You are viewing a plain text version of this content. The canonical link for it is here.
Posted to issues@spark.apache.org by "Steve Loughran (JIRA)" <ji...@apache.org> on 2017/06/27 20:33:00 UTC

[jira] [Commented] (SPARK-21137) Spark reads many small files slowly

    [ https://issues.apache.org/jira/browse/SPARK-21137?page=com.atlassian.jira.plugin.system.issuetabpanels:comment-tabpanel&focusedCommentId=16065423#comment-16065423 ] 

Steve Loughran commented on SPARK-21137:
----------------------------------------

Looking at this.

something is trying to get the permissions for every file, which is being dealt with by an exec & all the overheads of that. Looking at the code, it's in the constructor of {{LocatedFileStatus}}, which is building it from another {{FileStatus}}. Which normally is just a simple copy of a field (fast, efficient). Looks like on RawLocalFileSystem, it actually triggers an on demand execution. Been around for a long time (HADOOP-2288), surfacing here because you're working with the local FS. For all other filesystems it's a quick operation.
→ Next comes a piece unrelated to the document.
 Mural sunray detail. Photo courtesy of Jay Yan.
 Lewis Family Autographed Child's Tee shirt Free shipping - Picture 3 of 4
I think this is an issue: I don't think anybody thought this would be a problem, as it's just viewed as a marshalling of a LocatedFileStatus, which is what you get back from {{FileSystem.listLocatedStatus}}. Normally that's the higher performing one, not just on object stores, but because it scales better, being able to incrementally send back data in batches, rather than needing to enumerate an entire directory of files (possibly in the millions) and then send them around as arrays of FileStatus.  Here, it's clearly not.

What to do? I think we could consider whether it'd be possible to add this to the hadoop native libs & so make a fast API call. There's also the option of "allowing us to completely disable permissions entirely". That one appeals to me more from a windows perspective, where you could get rid of the hadoop native lib and still have (most) things work there...but as its an incomplete "most" it's probably an optimistic goal.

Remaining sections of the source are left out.